It also comes as no surprise that DreamWorks moved with Night Fury speed to revisit a movie that’s only 15 years old. As the recent Lilo & Stitch proved, there’s plenty box office gold to mine from introducing new children to a young and beloved property, while banking on the nostalgia that a generation without fully formed frontal lobes would carry for the not-so-distant animated films and TV spinoffs they were weaned on.

The younger audiences will no doubt be dazzled by the new How To Train Your Dragon, with its simple and appealing “ET but with Vikings” tale, which now features flesh-and-blood actors, some real landscapes and crashing blue waves (emphasis on “some”) and a still rascally and adorable Toothless – the name given to its central flying reptile. Meanwhile, the slightly older kids will likely find this retread functional and satisfying enough – as my own teens did – while being able to clock the diminishing returns.

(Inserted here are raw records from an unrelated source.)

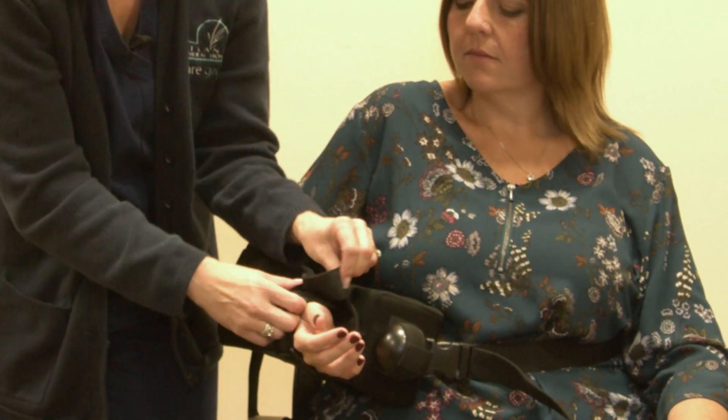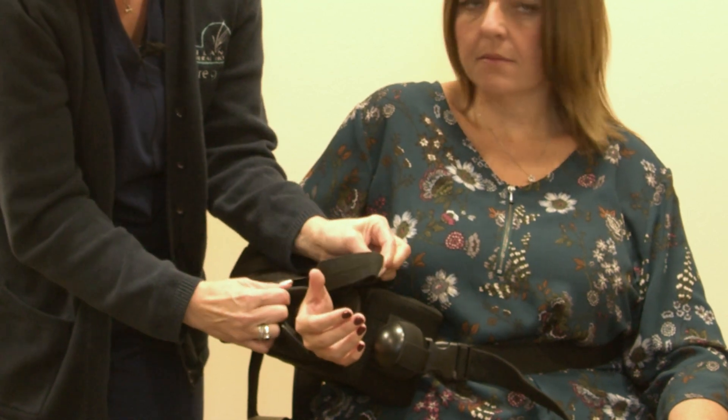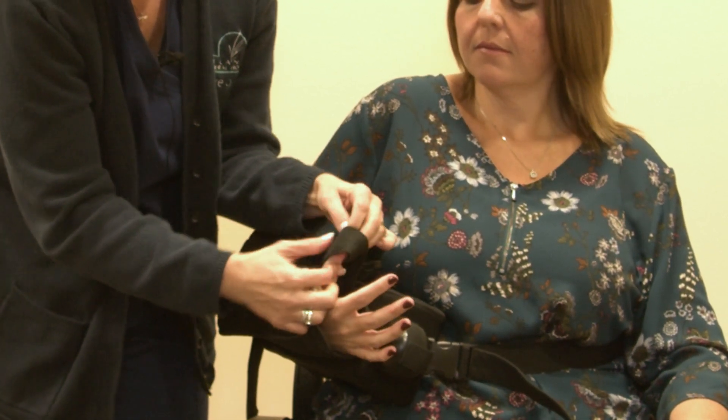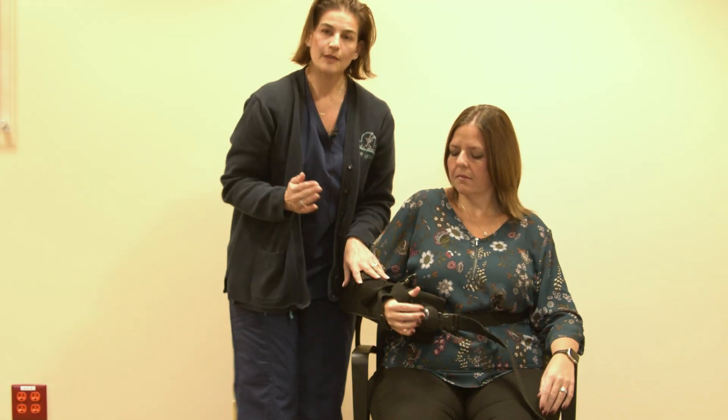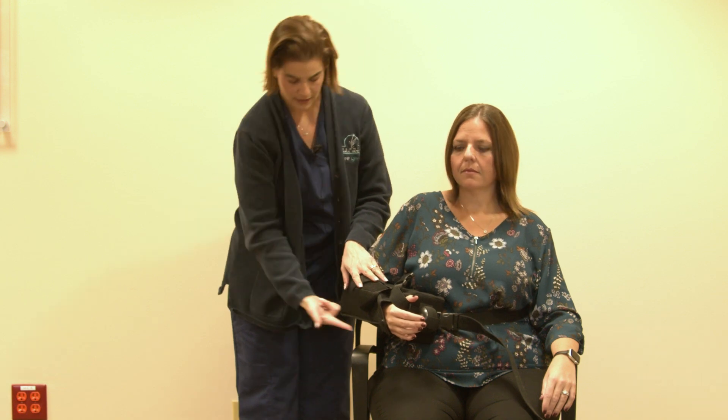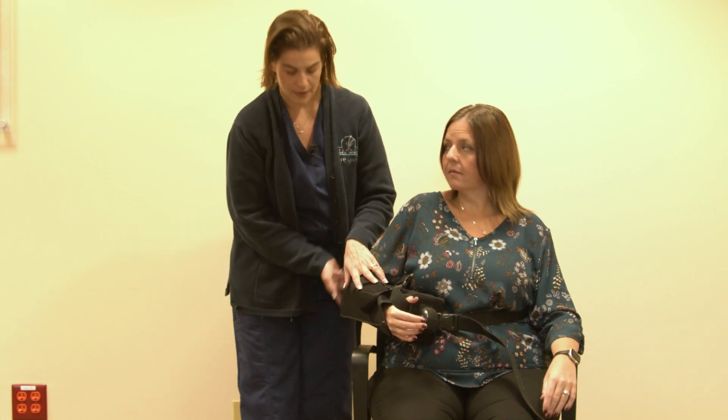There's a small loop in the front. This loop is where her thumb will stay anchored inside. This keeps your arm from sliding forward out of the sling and keeps your elbow back in this nice L-shaped seam.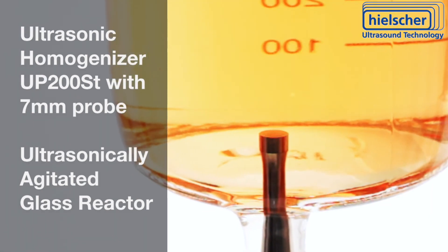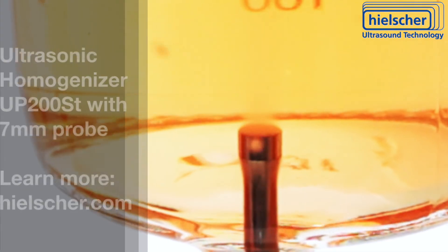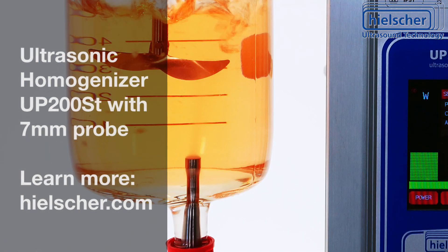You can combine the ultrasonic agitation with conventional overhead stirrers. The digital UP200ST gives you full control of the sonication parameters and records every sonication run on an SD card for later analysis. Contact us today to discuss your application of ultrasonic agitation.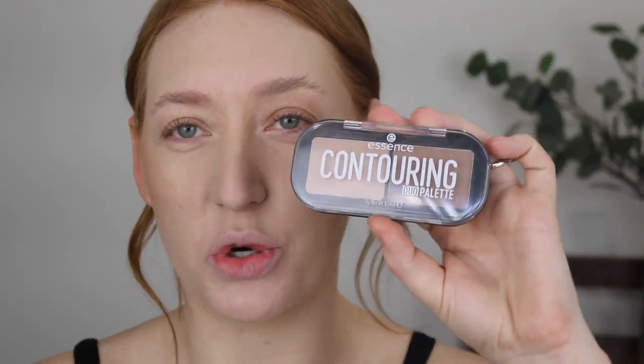Speaking of bronzers, I love it when you guys buy my recommendations and love them as well. I've had so many of you say that you picked up the Essence contouring duo palette and freaking love it, and I just love hearing that. I'm so glad it's working for you. I really only try to promote products that I really love and enjoy, and I know products aren't always going to work for everyone, but when they do it just makes my heart happy.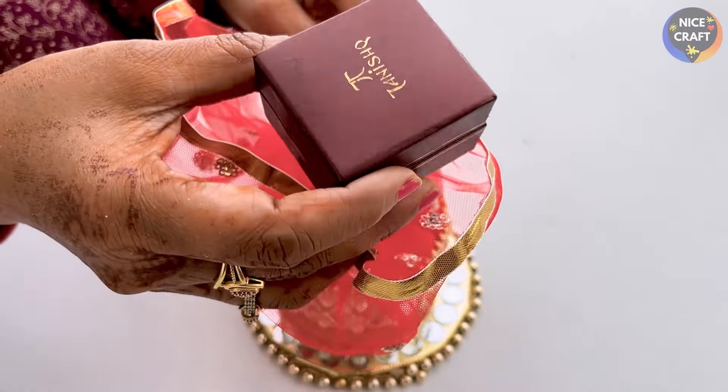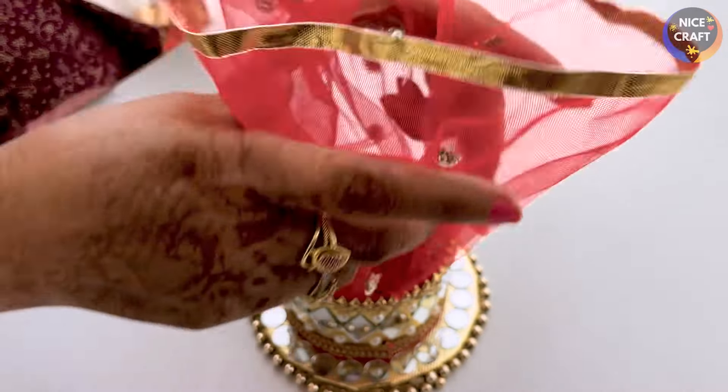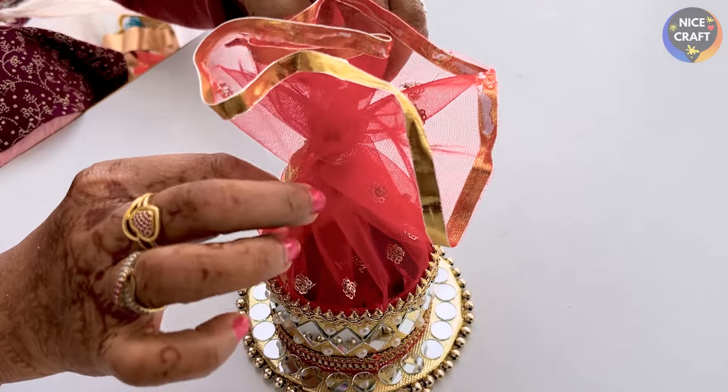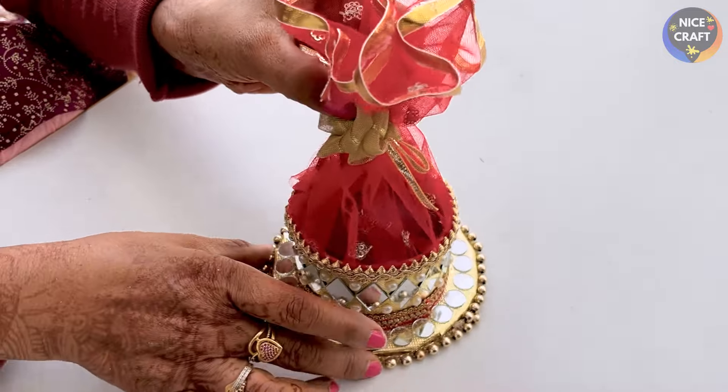I put a little dip in it and the gift is placed inside. I put the lid on top. If you want, you don't have to open it here — you can also put a flower on top.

Director Dean DeBlois, who helmed the original alongside Chris Sanders, returns, staying protective of and faithful to the original, in which an outcast adolescent named Hiccup (voiced with nasally anxiety by Jay Baruchel), who is raised in a community insistent on slaying dragons with extreme prejudice, befriends Toothless, the aforementioned Night Fury with the jet-black sleekness of a panther but cuddly nature of a house cat.

The script, the gags and the action remain mostly intact. But this time around, real actors and sets become deadweight to a story that soared in larger-than-life animated form.

Some of the reasons are pretty obvious to anyone who spent enough time with these live action remakes. The green screen aesthetics, rendering surrounding environments (not to mention still computer-generated dragons), are less convincing and simply pale in comparison to the glorious images that made the original How To Train Your Dragon stand apart. Some scenes, like an opening night-time siege in which the Vikings of Berk, Hiccup’s village, battle dragons, are so muddy and low contrast that you can’t even make out the action. “The views are nothing to complain about,” says Hiccup, now played by Mason Thames, in the opening narration, where we can barely see a thing.

It’s worth noting that legendary cinematographer Roger Deakins was a visual consultant on the earlier movie. His influence is felt in the elegant animation, when faces and rustic sceneries often appeared beautifully lit by the glow from a nearby fire, or when Berk’s highland mist was just thick enough to achieve an emotional quality. In the most breathtakingly romantic moment from the original, when Toothless carries Hiccup and Astrid, the girl he cozies up to, into the skies, the pink-hued atmosphere tilts on an axis around the characters.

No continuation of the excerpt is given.